LA DEFERLANTE BLEUE
31 mars 2014
Electorat radicalisé à bloc à 90% à droite, complètement démoralisé et démobilisé à gauche : résultat une déferlante historique comme seule la France a le secret. Le second tour a amplifié la gifle du 1er tour à Hollande et s’est transformé en « coup de pied au cul ». Il l’a bien mérité. Voilà ce qui arrive quand on fait des promesses intenables et qu’on ne veut jamais être responsable de ses actes. Il peut dire au moins une fois de plus : « C’est encore la faute à Sarkozy ». Mais là, on est « mdr » -je traduis : mort de rire !- et pour tout dire j’ai bien aimé voir hier soir la tête de la Khmère rose Vallaud Belkacem. Les fessées, ça rend humble !
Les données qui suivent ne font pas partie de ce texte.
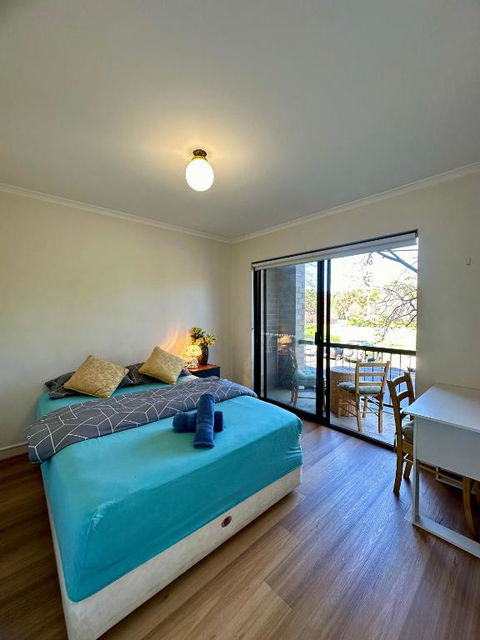 Relaxing Park View 2 Bedrooms Apartment Free Wi-Fi - Port Augusta Accommodation 1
Que la victoire est belle.
Qu’on en juge : toute la nuit les résultats n’ont cessé de tomber en une litanie de villes qui basculent à droite : au total, ce sont 155 de plus de 9 000 habitants et 68 de plus de 30 000 habitants que l’UMP et l’UDI engrangent. Parmi elles, 10 villes de plus de 100 000 habitants. La droite renoue avec la gestion locale dont elle avait fini par être exclue, scrutin après scrutin depuis 1983. Des bastions historiques ont changé de camp : Limoges détenu par la gauche depuis 1912, Blanc-Mesnil depuis 1915.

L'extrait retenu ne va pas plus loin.